Implementation of FlexDock for flexible docking and relaxation by Gabriele Corso*, Vignesh Ram Somnath*, Noah Getz*, Regina Barzilay, Tommi Jaakkola, Andreas Krause. This repository contains code and instructions to run the method.
We do not expect FlexDock to replace flexible docking pipelines but rather hope some of the ideas provide improvements in related tasks and larger models.

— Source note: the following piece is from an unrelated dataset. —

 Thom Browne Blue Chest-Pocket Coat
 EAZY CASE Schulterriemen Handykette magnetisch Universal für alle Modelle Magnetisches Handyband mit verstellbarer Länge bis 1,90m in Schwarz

Note: This codebase is under active development to make it more user-friendly from the state at submission and as such we expect minor bugs in this transition period. If you encounter any issues or have questions, feel free to open an issue!
Planned Updates:
- Clean instructions for training data pipelines for relaxation and filtering
- Complete transition to configs
- Mixed-Precision Training
Citation
If you use this code or model in your research, please cite the following paper:@inproceedings{
corso2025composing,
title={Composing Unbalanced Flows for Flexible Docking and Relaxation},
author={Gabriele Corso and Vignesh Ram Somnath and Noah Getz and Regina Barzilay and Tommi Jaakkola and Andreas Krause},
booktitle={The Thirteenth International Conference on Learning Representations},
year={2025},
url={https://openreview.net/forum?id=gHLWTzKiZV}
}
- Complete integration with PyTorch Lightning
- Support for equivariant variants of LayerNorm which address the unstable training of DiffDock models
- Relevant changes for Fully-Sharded Data Parallel (FSDP) and other distributed training strategies
- Mixed-Precision Training (coming soon!)
We hope this also provides a useful starting point for researchers looking to scale their models on limited resources!
We will set up the environment using Anaconda. Clone the current repo:
git clone https://github.com/vsomnath/flexdock.git
To set up an appropriate environment, navigate to the root of the repository and run the following commands:
bash build_env.sh
See conda documentation for more information.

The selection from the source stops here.